Göl kenarında yetiştirilen güllerin hem göle hem de ekonomiye büyük katkısının olduğunu söyleyen Sarıca, “Gül özellikle mısır ve yoncaya göre yüzde 75 oranında daha az su tüketen bir bitki. Dolayısıyla gül üretiminde hem göle katkımız hem doğaya katkımız hem de bölge ekonomisine çok ciddi anlamda katkımız oluyor. Bu anlamda özellikle yörenin zenginleşmesi, yöredeki gül kültürünün devam ettirilmesi konusunda biz gülle ilgili faaliyetlerimize devam ediyoruz. Gül tarım alanları son yıllarda artıyormuş gibi görünse de toplamda üretilen gül miktarında her geçen yıl bir miktar azalma var. Bu küresel ısınmanın etkilerinden kaynaklanan bir durum.
Bu yüzden her geçen yıl Türkiye’nin ciddi bir yurtdışı satış kalemi olan gül yağının aynı miktarlarda üretilmesi için bir miktar daha dikimlerin yapılması gerekiyor. Bu konudaki çalışmalarımızda şu an devam etmekte. Aynı zamanda gül, yörenin bir kültürü olması yanında bir eko turizm aracı. Önümüzdeki yıllarda yörede eko turizmin ciddi anlamda canlanacağını düşünüyoruz. Bununla ilgili çalışmalarımız şu anda bütün hızıyla devam ediyor. İlk gül turlarımızı geçen hafta itibari ile kabul etmeye başladık.
Şu anda ilk gül turları için gelenler var, bu konuyla ilgili bağlantı yapmaya çalışanlar var. Geçen yıl sezon 15 Mayıs’ta başlamıştı, bu yıl ise çok daha erken, üç hafta erken gül sezonu açıldı. Şu an da gül turları için bekleyenler var. Önümüzdeki günlerde hızlı bir şekilde turlar devam edecektir ki son yıllarda biz özellikle gül turizminde yüzde yüzlere varan bir ivme yakalamış durumdayız. O yüzden ziyaret talepleri şu anda fazlasıyla artmış durumda” dedi.
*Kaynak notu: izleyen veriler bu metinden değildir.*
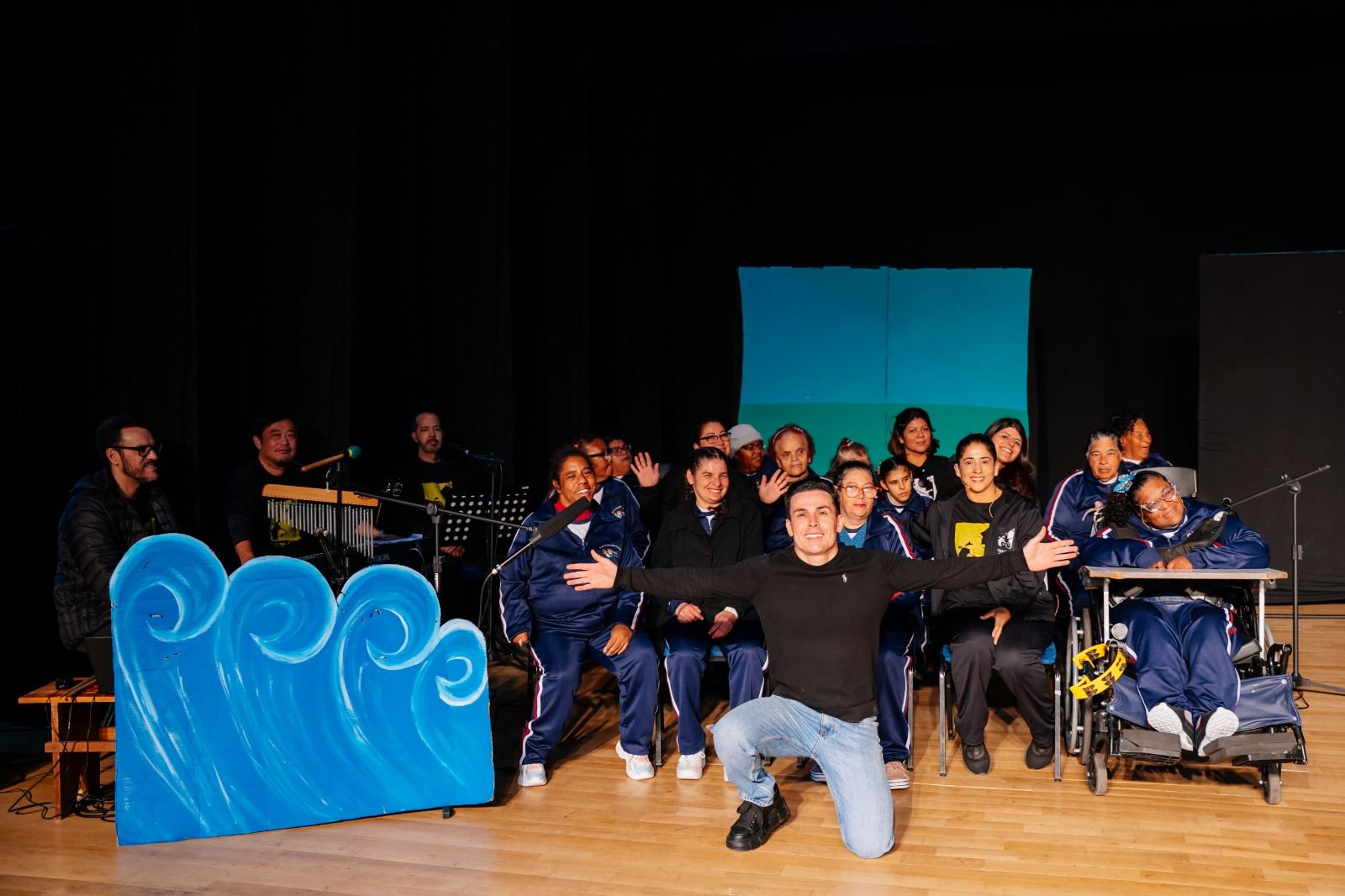 Coro Cênico Pequeno Cotolengo uma das maiores equipes de teatro composta por atores com deficiência, estreia novo espetáculo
500 KİLO GÜLDEN 100-150 GRAM YAĞ ELDE EDİYORUZ
Sabahın erken saatlerinde göl manzaralı tarlalarda başlayan hasat güllerin toplanmasının ardından gül yağı çıkarma tesislerinde devam ediyor. Tarlalardan getirilen güllerin hangi aşamalardan geçtiğini de anlatan Sarıca, “Tarlalardan gelen gülleri kazana doldurduktan sonra ortalama 500 kilogram oranında kazanlara gülü basıyoruz. Onun üzerine güllerin yanmaması için üzerine biraz su gezdirdikten sonra serpantinlere buhar vererek suyun kaynamasını sağlıyoruz. Su kaynadıktan sonra gülün içinden geçerken buharlar, yapısına gülün yağını da alarak bu şeklinde seperatöre geliyor. Seperatörde soğuk suyun dolaştığı borular var. Oralarda yoğunlaşarak aşağıdaki florentin kabına kadar iniyor. Florentin kabında üst kısımda yağ, alt kısımda da gül suyu birikiyor. Ortalama bir kazana 500 kilogram gül basabiliyoruz tabi bunlar büyük kazanlar. Yani gülün yağ verimine göre bir kazandan 100 ile 150 gram arasında bir gül yağı alabiliyoruz” dedi.
Gül yağı güzel kokusu, içinde barındırdığı vitaminler ve sakinleştirici ve ferahlatıcı özelliği nedeniyle kozmetikte, temizlikte ve aromaterapide, saç bakım ürünlerinde, cilt bakım ürünlerinde kullanılıyor.